With the Scots Parliament having done its work, the English Parliament took up the issue of the Union in February 1707, where the Commons required only two sessions to pass the articles.
But in the House of Lords, some members of the Tory Party held up the proceedings by voicing concerns over some provisions, especially with regard to the status of the Church of England, and they also had issues with the confirmation of the Scottish Kirk. Objections were raised on every article, but the opposition did not gain much traction, and the articles were approved at the end of February.
The Commons then drafted and passed the Union with Scotland Act, which was passed by the Lords and received Royal Assent from Queen Anne in the Lords’ chamber on March 6, 1707.
Almost two months later, the date of April 30, 1707 marked the last day of England and Scotland being separate and independent sovereign states. On the following day of May 1st, Anne came to St. Paul’s Cathedral to attend a service of thanksgiving in honor of the Acts of Union that had taken effect.

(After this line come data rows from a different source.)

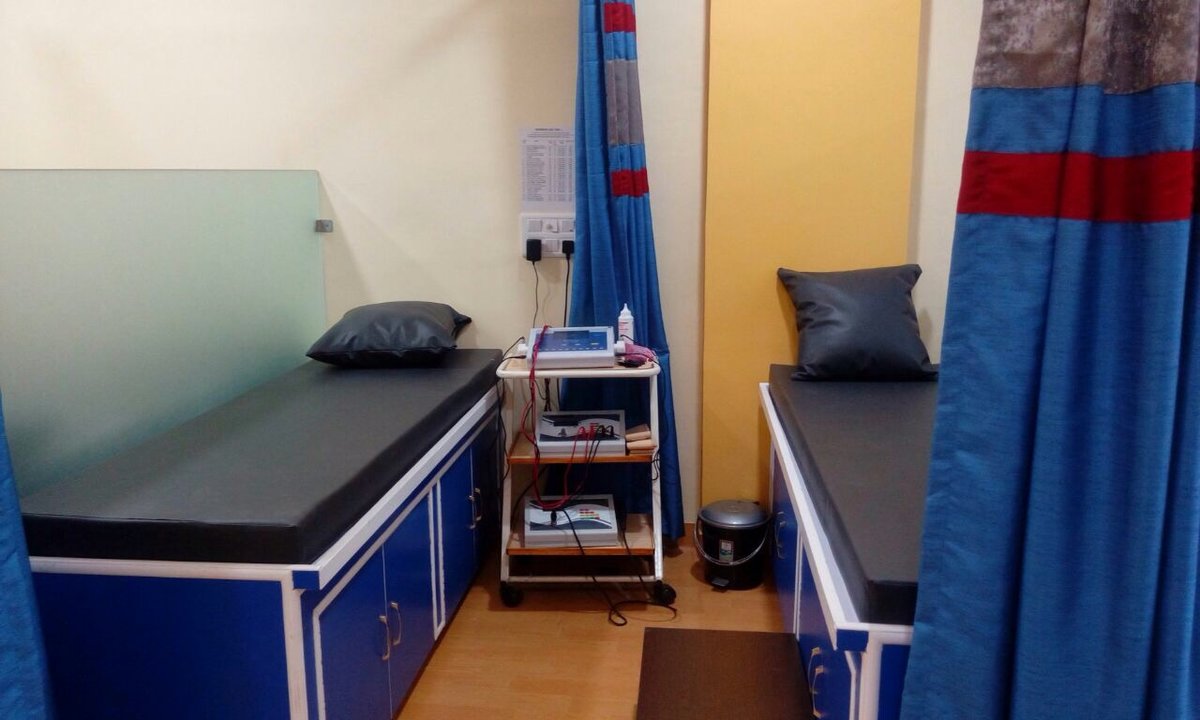 J.J. Physiotherapy Advanced Clinic - J.J. Physiotherapy Advanced Clinic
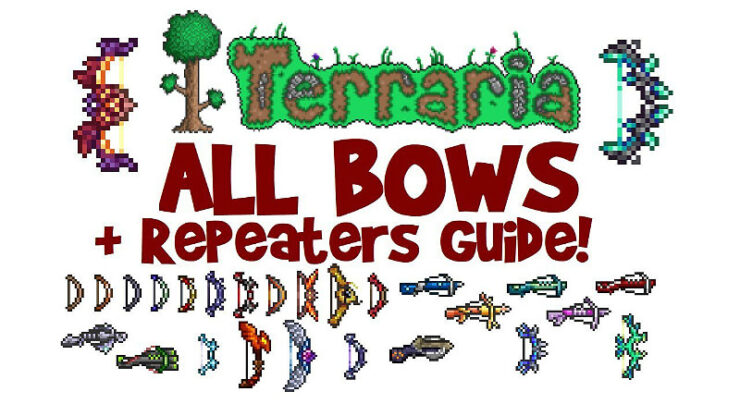 Terraria Bows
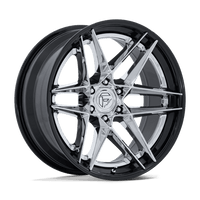 FLIGHT 20X10 6X135 87 -18 CHROME-GB-LP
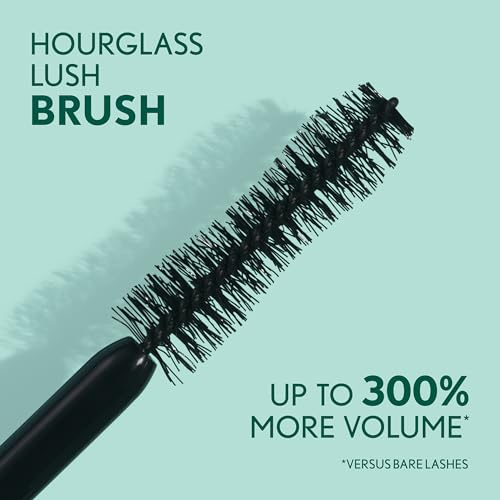 Lash Blast Cleantopia Mascara, Volumizing, Smudge-Proof, Vegan Formula, Extreme Black 800, 1 Count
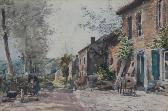 HAGEMANS Maurice Anseremme HAGEMANS Maurice Anseremme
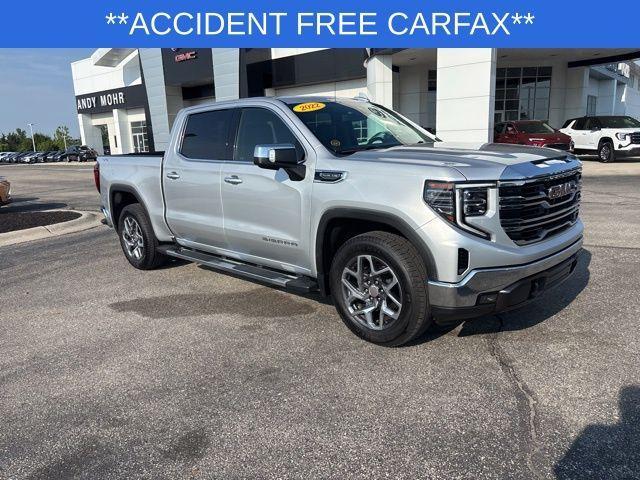 used 2022 GMC Sierra 1500 car, priced at $37,999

It was a grand celebration involving 400 horse-drawn coaches, and the Queen herself wore the combined honors of the English Order of the Garter and the Scottish Order of the Thistle. A Scottish nobleman who attended the service wrote: “nobody on this occasion appeared more sincerely devout and thankful than the Queen herself.”
Indeed, she told her cheering subjects that this day marked the true happiness of her reign – the day that England and Scotland became the UNITED KINGDOM OF GREAT BRITAIN.
To this day, England and Scotland have remained together as part of a country – now the United Kingdom of Great Britain and Northern Ireland – that has profoundly shaped the development of the modern world over the last 310 years. Its combined and diverse heritage, culture, history, institutions, and people has made it my favorite country in the world after my own, and the monarchy is a living symbol of the unity that has made the UK what it is today. Indeed, it has been better to be together. Long may this Union continue.